Leaving the pictures aside, transcribe the data below exactly.

* COLLECTED DATA *
----

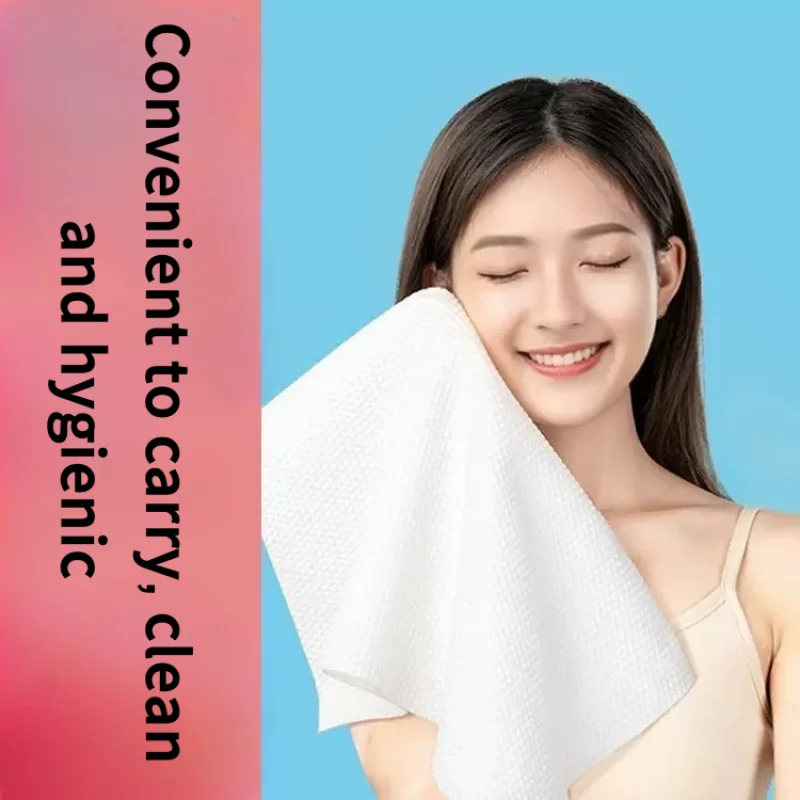 Toalla comprimida portátil suave, 100/50 Uds., limpieza facial desechable, toallita de mano comprimida suave, toallitas de maquillaje no tejidas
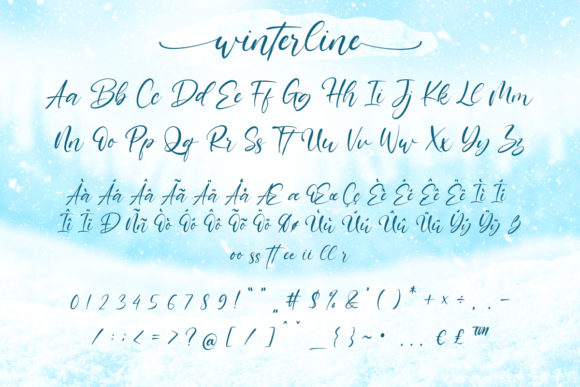 Winterline Font Poster 6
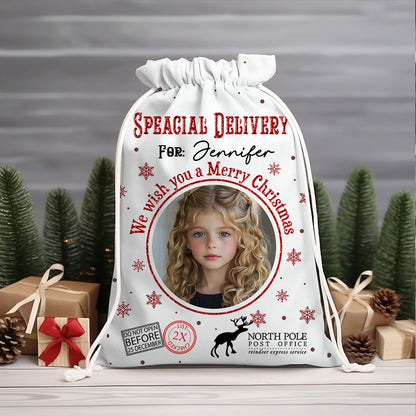 Santa Sack Delivery - Christmas Bag Gift For Family - Christmas Sack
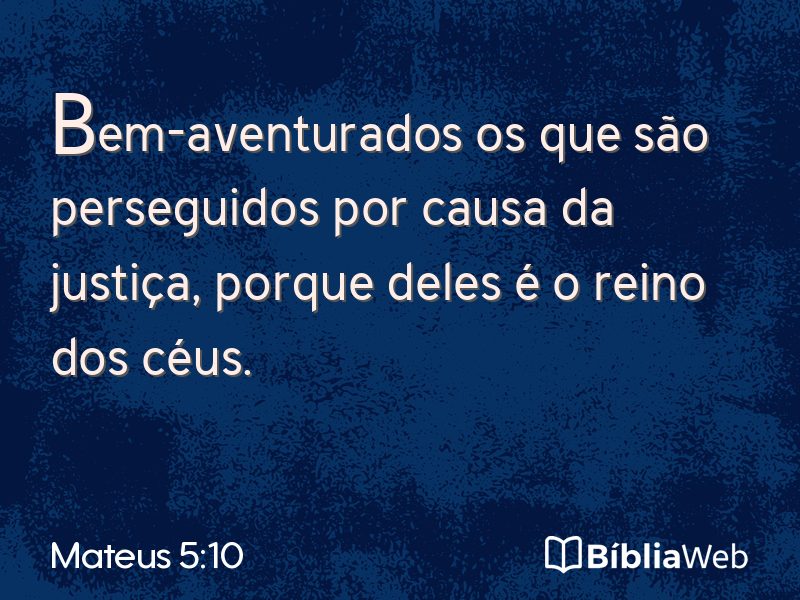 Mateus 5:10 em imagem para compartilhar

----

* WRITTEN ANSWER *
 Toalla comprimida portátil suave, 100/50 Uds., limpieza facial desechable, toallita de mano comprimida suave, toallitas de maquillaje no tejidas
 Winterline Font Poster 6
 Santa Sack Delivery - Christmas Bag Gift For Family - Christmas Sack
 Mateus 5:10 em imagem para compartilhar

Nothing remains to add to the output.